NVIDIA is seeking a Senior AI Infrastructure Engineer to join their DGX Cloud SRE group, focusing on designing and maintaining large-scale production systems. This role combines software and systems engineering practices, requiring expertise in systems, networking, coding, database management, and cloud technologies. The position is part of NVIDIA's DGX Cloud SRE team, ensuring reliable GPU cloud services for both internal and external users.

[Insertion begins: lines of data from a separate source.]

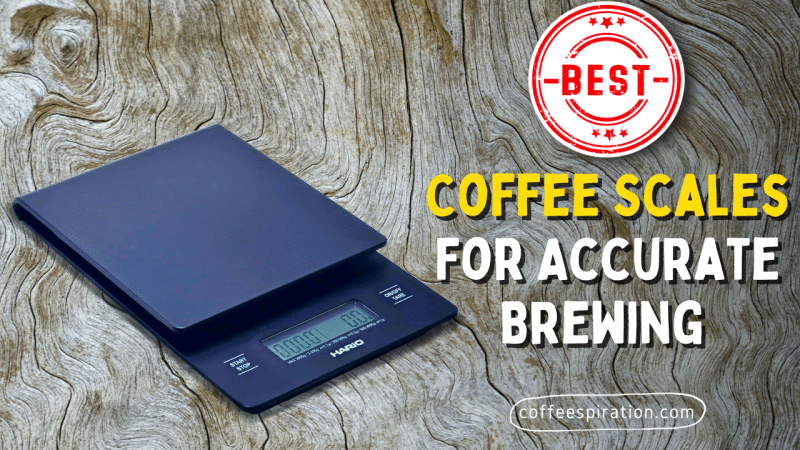 Best Coffee Scales For Accurate Brewing in 2022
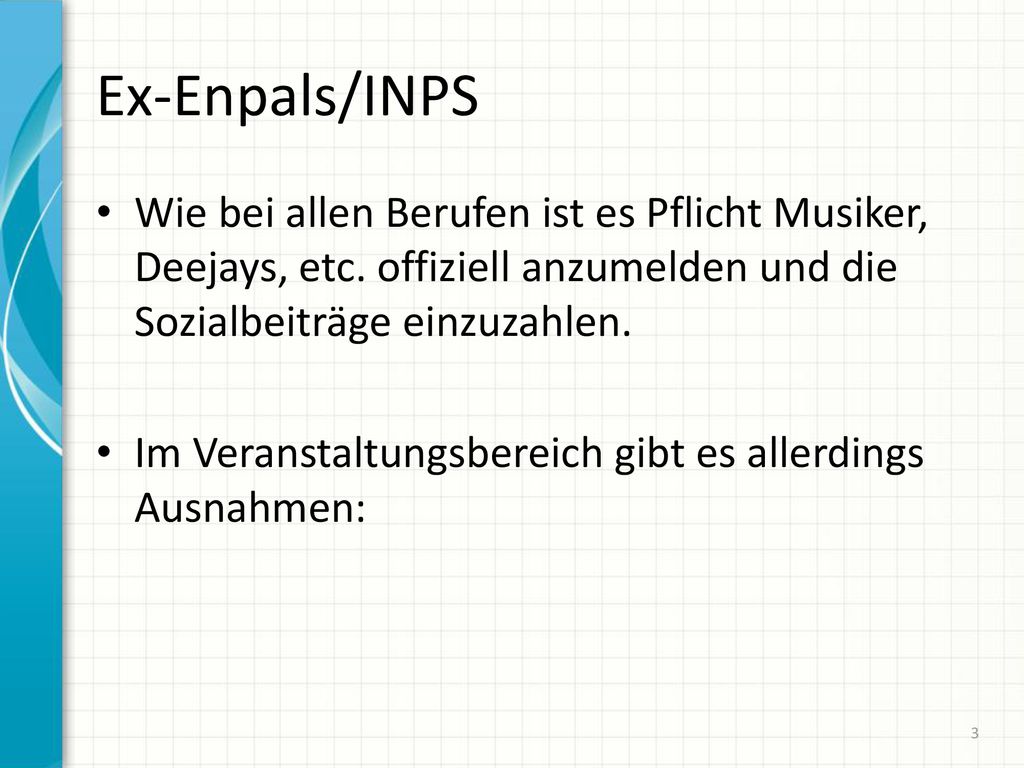 Ex-Enpals/INPS Wie bei allen Berufen ist es Pflicht Musiker, Deejays, etc. offiziell anzumelden und die Sozialbeiträge einzuzahlen.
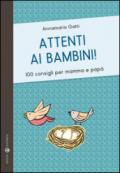 Attenti ai bambini! 100 consigli per mamma e papà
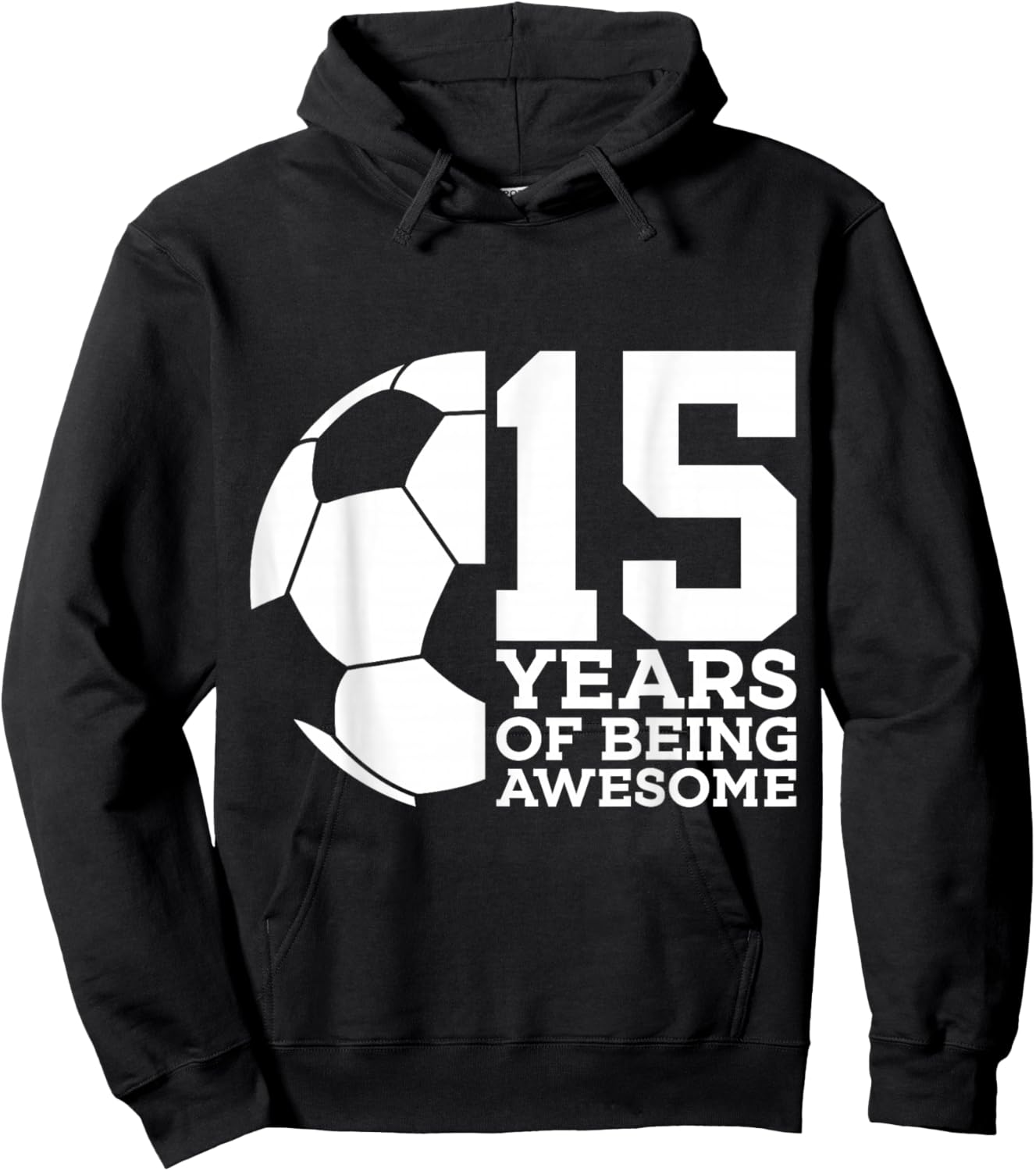 15 Years of Being Awesome Soccer 15th Birthday Hoodie - Hoodie | Black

The role demands a strong background in infrastructure automation, distributed systems design, and experience with modern cloud technologies like Kubernetes and OpenStack. The ideal candidate will have 5+ years of experience and a BS in Computer Science or related field, with expertise in languages like Python, Go, C/C++, or Java. Knowledge of Linux, networking, and container technologies is essential.
NVIDIA offers a competitive compensation package with a base salary range of $148,000 - $287,500 USD, plus equity and benefits. The company is known for its innovative work in AI, High-Performance Computing, and Visualization, with the GPU being their groundbreaking invention. They promote a culture of diversity, intellectual curiosity, and problem-solving, encouraging collaboration and risk-taking in a blame-free environment.
This position offers the opportunity to work on meaningful projects while receiving support and mentorship for professional growth. The role involves being part of a team that ensures maximum reliability and uptime of GPU cloud services while managing system changes, capacity, and performance. The work environment is dynamic and forward-thinking, perfect for creative and autonomous professionals passionate about advancing technology.